This borrowing allowed for wage increases that exceeded productivity growth. These increases, combined with lack of progress in the structural reforms front, resulted in deterioration in competitiveness for the Greek economy and led to large current account deficits.
 

With the outbreak of the crisis, external borrowing stopped, Greece was cut off from international capital markets and needed the support of her partners through the MoU.
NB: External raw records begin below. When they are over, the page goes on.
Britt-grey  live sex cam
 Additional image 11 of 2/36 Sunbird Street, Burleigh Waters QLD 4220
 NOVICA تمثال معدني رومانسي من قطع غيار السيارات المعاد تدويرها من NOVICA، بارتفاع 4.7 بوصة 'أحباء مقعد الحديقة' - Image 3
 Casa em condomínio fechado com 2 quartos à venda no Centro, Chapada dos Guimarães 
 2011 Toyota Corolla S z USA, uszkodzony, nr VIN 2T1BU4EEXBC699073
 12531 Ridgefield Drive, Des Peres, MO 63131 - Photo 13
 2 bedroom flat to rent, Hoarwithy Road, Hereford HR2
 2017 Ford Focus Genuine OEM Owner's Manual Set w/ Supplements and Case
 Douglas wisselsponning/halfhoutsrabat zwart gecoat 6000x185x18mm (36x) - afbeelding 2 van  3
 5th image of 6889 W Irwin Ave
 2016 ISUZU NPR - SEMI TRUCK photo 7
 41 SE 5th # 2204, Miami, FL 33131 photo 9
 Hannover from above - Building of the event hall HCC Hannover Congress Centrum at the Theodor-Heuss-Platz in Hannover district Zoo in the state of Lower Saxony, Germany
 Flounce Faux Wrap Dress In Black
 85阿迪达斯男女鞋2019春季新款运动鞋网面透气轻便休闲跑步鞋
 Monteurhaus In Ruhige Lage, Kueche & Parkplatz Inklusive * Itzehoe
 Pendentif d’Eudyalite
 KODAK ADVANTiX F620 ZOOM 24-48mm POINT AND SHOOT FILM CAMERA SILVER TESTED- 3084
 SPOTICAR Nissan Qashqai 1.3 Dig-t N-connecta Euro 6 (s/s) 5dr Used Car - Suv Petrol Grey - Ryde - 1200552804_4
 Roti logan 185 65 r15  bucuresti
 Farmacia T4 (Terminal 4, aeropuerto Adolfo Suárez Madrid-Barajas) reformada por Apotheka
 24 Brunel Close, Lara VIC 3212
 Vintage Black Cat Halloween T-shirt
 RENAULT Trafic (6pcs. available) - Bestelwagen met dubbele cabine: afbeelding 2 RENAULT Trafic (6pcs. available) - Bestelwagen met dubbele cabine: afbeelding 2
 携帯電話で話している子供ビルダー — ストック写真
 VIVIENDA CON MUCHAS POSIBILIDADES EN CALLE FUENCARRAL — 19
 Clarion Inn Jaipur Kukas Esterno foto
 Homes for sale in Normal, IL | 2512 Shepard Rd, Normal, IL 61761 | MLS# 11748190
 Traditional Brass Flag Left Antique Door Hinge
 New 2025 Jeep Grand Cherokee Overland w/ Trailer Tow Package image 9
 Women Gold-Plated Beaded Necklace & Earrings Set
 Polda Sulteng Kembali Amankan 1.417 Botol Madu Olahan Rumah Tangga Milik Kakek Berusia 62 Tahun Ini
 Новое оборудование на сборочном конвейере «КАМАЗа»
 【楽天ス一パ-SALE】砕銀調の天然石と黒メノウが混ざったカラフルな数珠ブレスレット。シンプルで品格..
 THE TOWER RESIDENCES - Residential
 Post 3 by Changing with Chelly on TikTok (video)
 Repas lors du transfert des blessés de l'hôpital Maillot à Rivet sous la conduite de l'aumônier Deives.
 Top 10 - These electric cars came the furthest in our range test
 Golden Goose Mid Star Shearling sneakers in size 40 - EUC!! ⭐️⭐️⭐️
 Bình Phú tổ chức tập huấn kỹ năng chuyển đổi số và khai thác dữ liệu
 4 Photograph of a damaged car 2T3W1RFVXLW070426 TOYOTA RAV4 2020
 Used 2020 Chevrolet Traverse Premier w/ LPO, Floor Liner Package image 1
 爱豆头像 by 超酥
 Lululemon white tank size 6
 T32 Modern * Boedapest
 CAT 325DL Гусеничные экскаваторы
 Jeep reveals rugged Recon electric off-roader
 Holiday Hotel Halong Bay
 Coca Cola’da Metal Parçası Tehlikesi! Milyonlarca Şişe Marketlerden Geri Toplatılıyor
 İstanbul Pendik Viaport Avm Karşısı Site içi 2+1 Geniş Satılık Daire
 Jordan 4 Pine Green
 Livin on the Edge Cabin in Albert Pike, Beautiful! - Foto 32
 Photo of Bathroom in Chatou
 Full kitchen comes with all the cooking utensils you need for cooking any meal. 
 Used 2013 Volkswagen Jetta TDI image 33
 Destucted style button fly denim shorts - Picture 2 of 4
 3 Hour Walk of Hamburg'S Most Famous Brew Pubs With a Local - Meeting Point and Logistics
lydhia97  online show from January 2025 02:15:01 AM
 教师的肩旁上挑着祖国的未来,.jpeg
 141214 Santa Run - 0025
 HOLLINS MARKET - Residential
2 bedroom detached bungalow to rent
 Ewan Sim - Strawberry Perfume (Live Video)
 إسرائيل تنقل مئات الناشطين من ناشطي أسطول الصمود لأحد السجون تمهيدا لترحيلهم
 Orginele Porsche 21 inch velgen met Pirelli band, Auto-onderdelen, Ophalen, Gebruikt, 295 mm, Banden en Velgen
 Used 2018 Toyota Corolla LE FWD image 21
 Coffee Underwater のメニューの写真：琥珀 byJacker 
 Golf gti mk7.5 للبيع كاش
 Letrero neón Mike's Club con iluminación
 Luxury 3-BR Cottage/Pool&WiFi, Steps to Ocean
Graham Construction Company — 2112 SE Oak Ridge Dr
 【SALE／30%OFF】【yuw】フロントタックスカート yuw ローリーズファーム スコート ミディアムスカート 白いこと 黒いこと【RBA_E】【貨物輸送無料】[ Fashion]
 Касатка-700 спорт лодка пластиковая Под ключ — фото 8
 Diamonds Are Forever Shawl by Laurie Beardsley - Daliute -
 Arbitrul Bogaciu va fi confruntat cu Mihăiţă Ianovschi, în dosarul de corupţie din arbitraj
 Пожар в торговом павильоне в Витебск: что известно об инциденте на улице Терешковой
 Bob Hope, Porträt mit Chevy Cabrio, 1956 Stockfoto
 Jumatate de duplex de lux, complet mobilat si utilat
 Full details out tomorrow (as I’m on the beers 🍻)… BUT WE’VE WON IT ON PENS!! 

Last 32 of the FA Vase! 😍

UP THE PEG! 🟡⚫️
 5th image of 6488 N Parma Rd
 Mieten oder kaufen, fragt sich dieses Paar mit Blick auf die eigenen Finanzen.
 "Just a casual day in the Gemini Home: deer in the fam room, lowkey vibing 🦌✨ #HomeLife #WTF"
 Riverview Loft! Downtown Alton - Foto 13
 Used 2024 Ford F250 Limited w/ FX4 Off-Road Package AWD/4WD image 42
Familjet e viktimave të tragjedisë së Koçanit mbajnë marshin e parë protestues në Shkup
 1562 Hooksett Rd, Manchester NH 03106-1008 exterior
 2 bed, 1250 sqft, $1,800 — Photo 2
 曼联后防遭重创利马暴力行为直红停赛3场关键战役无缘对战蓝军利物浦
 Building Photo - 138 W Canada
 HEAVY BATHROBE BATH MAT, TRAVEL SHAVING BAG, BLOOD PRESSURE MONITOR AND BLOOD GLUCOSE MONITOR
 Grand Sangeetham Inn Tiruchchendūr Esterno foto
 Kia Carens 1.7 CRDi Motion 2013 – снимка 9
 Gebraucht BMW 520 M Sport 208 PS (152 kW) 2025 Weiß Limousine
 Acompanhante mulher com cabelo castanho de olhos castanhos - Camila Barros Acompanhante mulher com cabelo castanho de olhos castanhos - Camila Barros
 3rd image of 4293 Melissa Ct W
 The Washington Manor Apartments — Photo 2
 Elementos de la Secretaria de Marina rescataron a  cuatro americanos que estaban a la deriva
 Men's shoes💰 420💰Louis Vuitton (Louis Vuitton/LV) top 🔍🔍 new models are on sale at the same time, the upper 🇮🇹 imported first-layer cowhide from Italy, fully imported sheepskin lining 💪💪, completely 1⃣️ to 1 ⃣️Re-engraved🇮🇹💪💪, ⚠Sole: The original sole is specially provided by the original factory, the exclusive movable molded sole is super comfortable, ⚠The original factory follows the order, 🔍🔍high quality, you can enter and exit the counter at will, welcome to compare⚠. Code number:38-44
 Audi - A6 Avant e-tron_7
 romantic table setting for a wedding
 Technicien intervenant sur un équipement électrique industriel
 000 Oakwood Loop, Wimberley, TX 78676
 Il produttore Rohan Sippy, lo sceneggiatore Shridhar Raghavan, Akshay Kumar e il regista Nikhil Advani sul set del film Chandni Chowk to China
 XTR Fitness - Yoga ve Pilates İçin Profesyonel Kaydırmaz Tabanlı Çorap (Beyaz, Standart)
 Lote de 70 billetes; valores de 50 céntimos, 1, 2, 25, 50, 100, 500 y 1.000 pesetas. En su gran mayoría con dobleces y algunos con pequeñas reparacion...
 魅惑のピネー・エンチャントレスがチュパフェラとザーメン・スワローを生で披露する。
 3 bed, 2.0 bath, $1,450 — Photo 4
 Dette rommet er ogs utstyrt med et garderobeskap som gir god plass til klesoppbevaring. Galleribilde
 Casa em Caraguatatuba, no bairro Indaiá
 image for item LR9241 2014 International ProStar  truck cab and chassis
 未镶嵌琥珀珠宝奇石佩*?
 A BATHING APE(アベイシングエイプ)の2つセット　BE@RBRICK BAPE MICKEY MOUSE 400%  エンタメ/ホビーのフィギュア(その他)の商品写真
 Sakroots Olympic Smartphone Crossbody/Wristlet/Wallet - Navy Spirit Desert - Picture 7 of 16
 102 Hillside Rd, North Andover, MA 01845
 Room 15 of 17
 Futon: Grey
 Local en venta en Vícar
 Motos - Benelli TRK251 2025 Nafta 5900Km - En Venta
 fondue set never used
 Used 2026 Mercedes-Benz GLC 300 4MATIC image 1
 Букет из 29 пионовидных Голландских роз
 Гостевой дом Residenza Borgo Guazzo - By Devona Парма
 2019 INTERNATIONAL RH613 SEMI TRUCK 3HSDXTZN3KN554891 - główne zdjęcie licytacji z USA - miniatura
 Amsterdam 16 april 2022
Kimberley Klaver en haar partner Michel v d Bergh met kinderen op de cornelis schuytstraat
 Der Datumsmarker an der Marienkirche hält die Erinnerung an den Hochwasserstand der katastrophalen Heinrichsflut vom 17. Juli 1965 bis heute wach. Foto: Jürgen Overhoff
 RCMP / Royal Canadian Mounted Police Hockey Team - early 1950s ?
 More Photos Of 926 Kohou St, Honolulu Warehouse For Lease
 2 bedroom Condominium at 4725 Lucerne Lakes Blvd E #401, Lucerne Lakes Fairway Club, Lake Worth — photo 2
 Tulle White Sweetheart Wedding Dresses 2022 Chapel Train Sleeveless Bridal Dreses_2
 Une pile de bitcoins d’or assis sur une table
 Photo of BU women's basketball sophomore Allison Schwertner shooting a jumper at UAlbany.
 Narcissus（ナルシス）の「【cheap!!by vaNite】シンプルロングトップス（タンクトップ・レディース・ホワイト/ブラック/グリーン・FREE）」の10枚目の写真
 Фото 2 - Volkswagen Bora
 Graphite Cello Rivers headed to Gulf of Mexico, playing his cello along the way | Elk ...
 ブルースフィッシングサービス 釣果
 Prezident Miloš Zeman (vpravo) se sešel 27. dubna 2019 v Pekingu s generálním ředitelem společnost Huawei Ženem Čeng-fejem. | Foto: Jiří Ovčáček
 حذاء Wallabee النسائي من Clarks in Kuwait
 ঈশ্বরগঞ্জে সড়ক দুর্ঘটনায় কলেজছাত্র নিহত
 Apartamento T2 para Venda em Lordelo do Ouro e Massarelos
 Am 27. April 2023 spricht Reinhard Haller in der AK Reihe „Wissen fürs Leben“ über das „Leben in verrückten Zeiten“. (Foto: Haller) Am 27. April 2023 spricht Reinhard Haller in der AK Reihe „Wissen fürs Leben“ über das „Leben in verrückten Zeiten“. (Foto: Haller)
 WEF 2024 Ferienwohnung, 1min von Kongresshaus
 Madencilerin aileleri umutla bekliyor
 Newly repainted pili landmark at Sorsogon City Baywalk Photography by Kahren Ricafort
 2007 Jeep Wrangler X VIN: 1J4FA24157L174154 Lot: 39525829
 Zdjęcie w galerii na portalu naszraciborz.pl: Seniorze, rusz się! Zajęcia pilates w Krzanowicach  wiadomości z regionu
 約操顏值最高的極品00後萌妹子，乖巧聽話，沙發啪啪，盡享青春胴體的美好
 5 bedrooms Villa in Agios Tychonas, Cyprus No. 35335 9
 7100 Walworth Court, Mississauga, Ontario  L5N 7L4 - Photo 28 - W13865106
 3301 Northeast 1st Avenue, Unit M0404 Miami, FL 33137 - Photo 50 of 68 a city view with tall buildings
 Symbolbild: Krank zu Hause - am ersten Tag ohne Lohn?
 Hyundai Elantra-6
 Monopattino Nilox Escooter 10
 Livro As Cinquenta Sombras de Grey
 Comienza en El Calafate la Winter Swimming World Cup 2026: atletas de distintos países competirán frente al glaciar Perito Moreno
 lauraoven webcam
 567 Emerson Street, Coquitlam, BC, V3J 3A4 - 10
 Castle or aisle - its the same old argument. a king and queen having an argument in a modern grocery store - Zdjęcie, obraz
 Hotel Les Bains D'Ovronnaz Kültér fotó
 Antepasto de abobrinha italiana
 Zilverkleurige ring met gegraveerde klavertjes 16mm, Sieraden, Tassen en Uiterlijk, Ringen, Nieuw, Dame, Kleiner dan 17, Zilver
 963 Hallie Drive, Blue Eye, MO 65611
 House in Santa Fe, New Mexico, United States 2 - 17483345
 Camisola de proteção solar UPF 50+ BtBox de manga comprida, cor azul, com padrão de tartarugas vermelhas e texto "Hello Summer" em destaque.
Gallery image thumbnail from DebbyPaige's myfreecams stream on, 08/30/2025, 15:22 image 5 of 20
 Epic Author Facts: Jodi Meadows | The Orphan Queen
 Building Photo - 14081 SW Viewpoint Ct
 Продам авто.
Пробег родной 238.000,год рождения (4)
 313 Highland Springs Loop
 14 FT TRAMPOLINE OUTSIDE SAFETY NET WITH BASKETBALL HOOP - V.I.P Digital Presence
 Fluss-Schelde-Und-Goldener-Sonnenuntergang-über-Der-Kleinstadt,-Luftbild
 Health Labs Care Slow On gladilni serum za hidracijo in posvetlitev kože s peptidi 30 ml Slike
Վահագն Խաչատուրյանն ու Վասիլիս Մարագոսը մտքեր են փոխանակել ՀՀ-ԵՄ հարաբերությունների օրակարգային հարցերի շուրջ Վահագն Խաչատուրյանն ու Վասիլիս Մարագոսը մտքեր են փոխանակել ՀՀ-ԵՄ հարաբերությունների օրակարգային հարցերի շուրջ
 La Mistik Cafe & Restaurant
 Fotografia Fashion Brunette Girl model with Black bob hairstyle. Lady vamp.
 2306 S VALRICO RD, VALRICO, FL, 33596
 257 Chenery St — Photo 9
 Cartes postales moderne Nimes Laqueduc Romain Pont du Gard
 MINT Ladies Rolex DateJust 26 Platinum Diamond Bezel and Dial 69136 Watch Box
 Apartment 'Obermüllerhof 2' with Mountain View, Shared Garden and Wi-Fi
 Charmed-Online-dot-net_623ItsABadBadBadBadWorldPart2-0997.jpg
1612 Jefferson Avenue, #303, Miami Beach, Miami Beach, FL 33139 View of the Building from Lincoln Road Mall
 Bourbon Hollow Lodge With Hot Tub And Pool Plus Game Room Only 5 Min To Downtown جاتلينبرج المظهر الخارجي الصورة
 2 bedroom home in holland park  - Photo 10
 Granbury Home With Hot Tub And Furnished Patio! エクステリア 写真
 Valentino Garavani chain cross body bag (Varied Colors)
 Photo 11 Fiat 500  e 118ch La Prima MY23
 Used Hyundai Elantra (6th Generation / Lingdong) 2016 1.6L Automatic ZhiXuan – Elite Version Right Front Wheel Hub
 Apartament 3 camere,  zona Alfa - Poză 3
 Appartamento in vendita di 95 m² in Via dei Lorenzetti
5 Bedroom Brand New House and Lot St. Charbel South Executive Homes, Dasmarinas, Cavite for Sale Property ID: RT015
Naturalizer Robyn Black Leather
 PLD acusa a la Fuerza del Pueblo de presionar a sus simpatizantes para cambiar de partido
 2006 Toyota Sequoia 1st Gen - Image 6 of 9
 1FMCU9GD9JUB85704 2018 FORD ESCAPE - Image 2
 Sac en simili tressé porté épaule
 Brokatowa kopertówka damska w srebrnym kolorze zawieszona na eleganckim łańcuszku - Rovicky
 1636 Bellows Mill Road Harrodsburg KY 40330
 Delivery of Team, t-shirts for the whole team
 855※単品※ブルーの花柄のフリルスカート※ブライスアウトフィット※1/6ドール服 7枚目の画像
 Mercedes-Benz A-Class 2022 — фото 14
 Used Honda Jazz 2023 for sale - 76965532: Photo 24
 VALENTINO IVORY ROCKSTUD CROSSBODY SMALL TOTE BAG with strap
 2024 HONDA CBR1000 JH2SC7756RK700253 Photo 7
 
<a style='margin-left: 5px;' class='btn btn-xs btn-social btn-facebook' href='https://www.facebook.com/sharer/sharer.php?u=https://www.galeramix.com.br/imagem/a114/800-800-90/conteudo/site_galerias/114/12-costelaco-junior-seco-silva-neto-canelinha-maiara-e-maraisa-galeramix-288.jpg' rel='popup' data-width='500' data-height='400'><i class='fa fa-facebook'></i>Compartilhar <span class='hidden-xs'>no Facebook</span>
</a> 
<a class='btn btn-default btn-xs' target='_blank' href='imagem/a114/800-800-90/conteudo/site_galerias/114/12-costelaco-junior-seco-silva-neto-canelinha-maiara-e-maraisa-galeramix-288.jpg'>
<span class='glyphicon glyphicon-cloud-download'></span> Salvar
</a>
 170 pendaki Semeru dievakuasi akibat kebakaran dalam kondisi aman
During the last four years, Greece managed to remedy both internal and external economic imbalances.

Fiscal adjustment in Greece is the largest ever recorded in an OECD country,

while numerous structural reforms were adopted.

However, these adjustments came at an enormous socio-economic cost, in terms of a plunging GDP, spiking unemployment and reduced disposable household income.

Quantitative and qualitative indicators show that the downward trend of the Greek economy has stalled. Still, fiscal adjustment without growth prospects leads to enduring austerity – an option that is neither desirable nor viable, be it from an economic or a social perspective.

Therefore, the attainment of high growth rates aiming at the improvement of living standards,
increase in employment as well as fostering public debt sustainability is of paramount importance.

2. Strategy

 

The above make it clear that the economic model followed by Greece in the period before the crisis was unsustainable. In order to be viable, the new model should be based on a gradual decline in the share of private and public consumption in GDP (stabilized or mildly increased in real terms), coupled with an increase in the share of private and public investment and, gradually, net exports – especially given the fact that Greece has been, and still remains a relatively “closed” economy.

This new model which effectively implies a shift from the production of non-tradable to tradable goods and services, will rely on boosting productivity,

competitiveness and promoting export orientation of the Greek economy and will eventually lead to higher employment.

The main goal is the country's establishment within the global division of labor under a more pronounced role in producing, rather than consuming, high

value-added products.
 
Under the new growth model, the role of the State will be radically revamped and will be limited to supervision, regulation and support to growth initiatives, while as far as production is concerned, it will be limited to the provision of social services, defense and public order.

In order to delineate with sufficient precision various dimensions of the new growth model, the government commissioned a number of studies and, further, used the conclusion of similar studies carried out before the crisis.

The findings of these studies to a large extent coincide and result in policy recommendations of both “horizontal” and “sectoral” character. Many of

the suggested policies have been underway in recent years.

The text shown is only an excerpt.